» **GIVEN RECORDS**
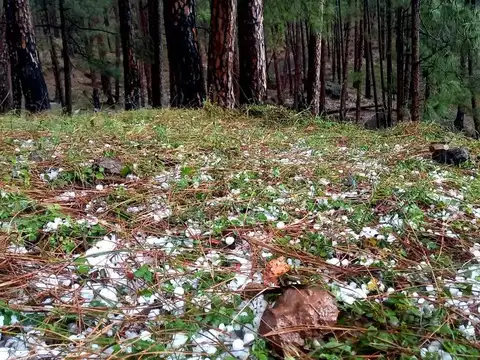 ​Hail, rain in Udhampur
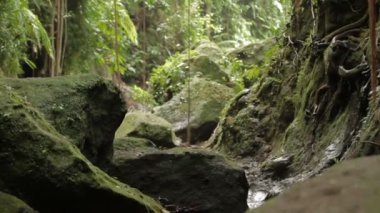 Kayaların arasına bitkiler su akıyor. Doğal arka plan. Bali, Endonezya.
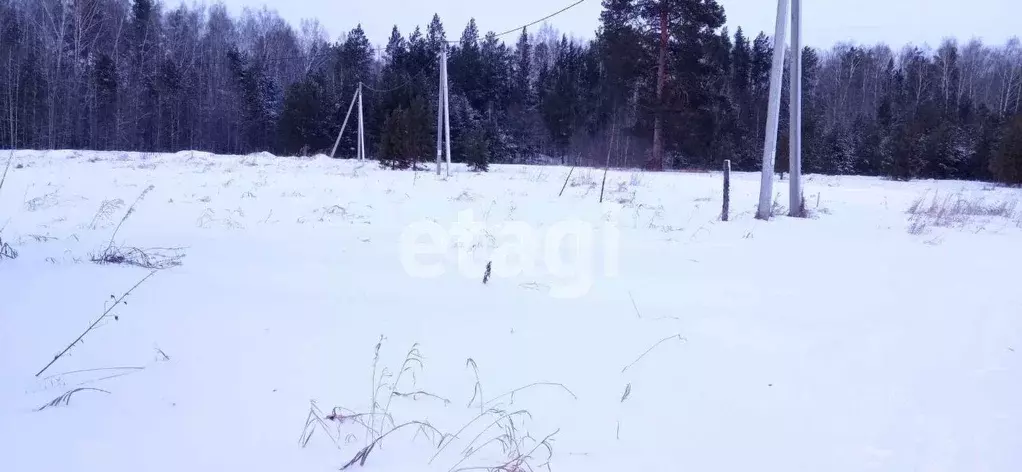 Дом в Тюменская область, Нижнетавдинский район, с. Тюнево ул. ... - Фото 1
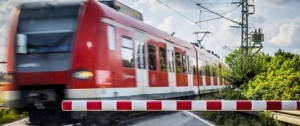 Bild zur Meldung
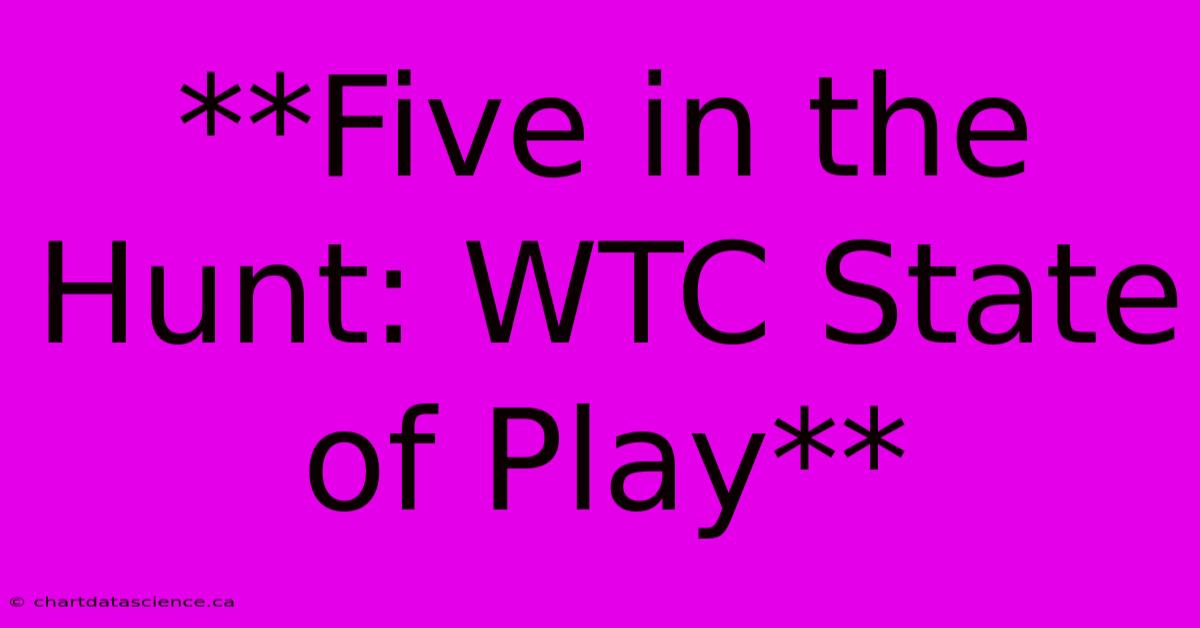 **Five In The Hunt: WTC State Of Play**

» **DIRECTIONS**
Repeat exactly, please: transcribe each entry and leave out the pictures.

» **TASK SOLUTION**
 ​Hail, rain in Udhampur
 Kayaların arasına bitkiler su akıyor. Doğal arka plan. Bali, Endonezya.
 Дом в Тюменская область, Нижнетавдинский район, с. Тюнево ул. ... - Фото 1
 Bild zur Meldung
 **Five In The Hunt: WTC State Of Play**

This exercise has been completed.